It consists of set of APIs, libraries, agents, and instrumentation to provide distributed tracing and metrics collection. A Huge benefit of using OpenTelemetry is that it is not tied to any specific observability vendor. It can send telemetry data to a variety of backends like Jaeger, Zipkin, Prometheus, Datadog, and others.

Tracing Backend

Common tracing backends used to collect tracing data include Jaeger and Zipkin. Jaeger is a distributed tracing system that gathers and visualizes trace data, enabling the monitoring and troubleshooting of complex applications and architectures. It can be utilized in any distributed system where tracing is beneficial. Jaeger offers tools to visualize traces, identify performance bottlenecks, and track the flow of requests across different components of the system.


How Request Tracing Works in Microservices

The main components of distributed tracing are TraceID, Span, Context Propagation, visualization

  • Trace ID: A unique identifier for a single end-to-end request across services. Generated at the entry point of the system (e.g., by the orchestrator or an API gateway).
  • Span: It is an individual operation (e.g., a service call or a database query) within the trace. Includes metadata like duration, service name, operation name, and tags.
  • Context Propagation: Trace IDs and other metadata are passed between services via headers (e.g., HTTP headers) or messaging queues (e.g., Kafka).
  • Visualization: Tools like Jaeger, Zipkin, or AWS X-Ray visualize traces to show how requests propagate through the system.

Trace ID and Span ID propagation

Distributed Tracing Flow: Spans and Trace Context Propagation Across Microservices

Consider an e-commerce application , where there request to place an order. It involves 3 microservices

  1. Order Service
  2. Payment Service
  3. Inventory Service
  1. When the Order Service starts a trace, it generates a trace_id (same throughout the transaction) and span_id for itself.
  2. Later span_id of OrderService is passed as a parent trace to PaymentService. The Payment Service generates its own unique span_id (ab23cd67ef890123) for its span, which it passes to the next service which Inventory Service.

This hierarchy ensures the trace provides an accurate view of the request flow.

OpenTelemetry provides an HTTP instrumentation library for Java (supports other programming languages like Python, GO etc) that integrates seamlessly with RestTemplate, automatically propagating the context for distributed tracing.

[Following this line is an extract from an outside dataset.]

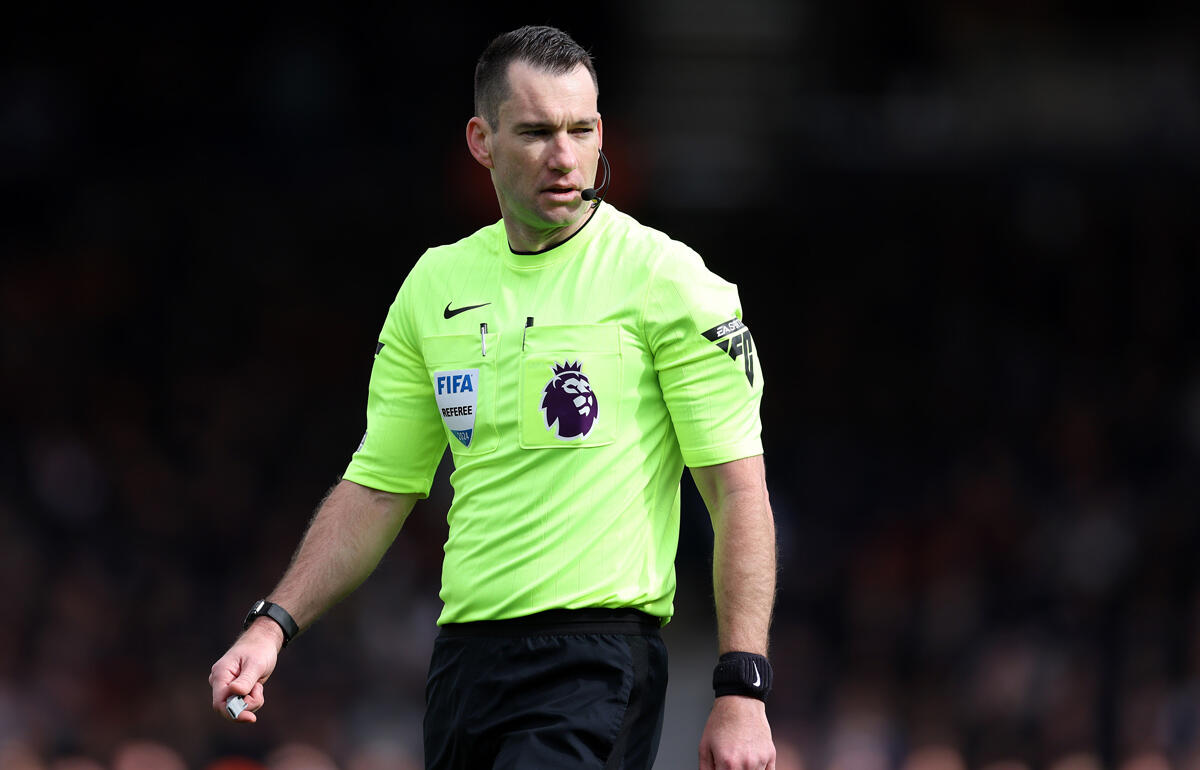 カメラを着用して試合に臨むジャレッド・ジレット主審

Distributed Tracing in Data Application Systems

Data applications often involve ETL (Extract, Transform, Load) pipelines, machine learning workflows, and real-time processing. These workflows include multiple interdependent tasks, such as:

  • Data extraction from databases.
  • Data transformation and cleaning.
  • Model training and evaluation.
  • Data storage or serving results to downstream systems.

Distributed tracing provides a detailed view of these operations, enabling better monitoring and debugging. Tracing tools like Jaeger and OpenTelemetry provide graphical timelines that display the sequence and duration of tasks. These visualizations help in understanding:

  • Execution order of tasks.
  • Parallelism in the workflow.
  • Idle times between tasks, indicating possible inefficiencies.

Example Application – Spark-based ETL pipeline

I implemented a simple Spark-based ETL pipeline integrated with tools Docker, Airflow, Spark, and Jaeger to demonstrate how distributed tracing can provide actionable insights into processing times and task dependencies.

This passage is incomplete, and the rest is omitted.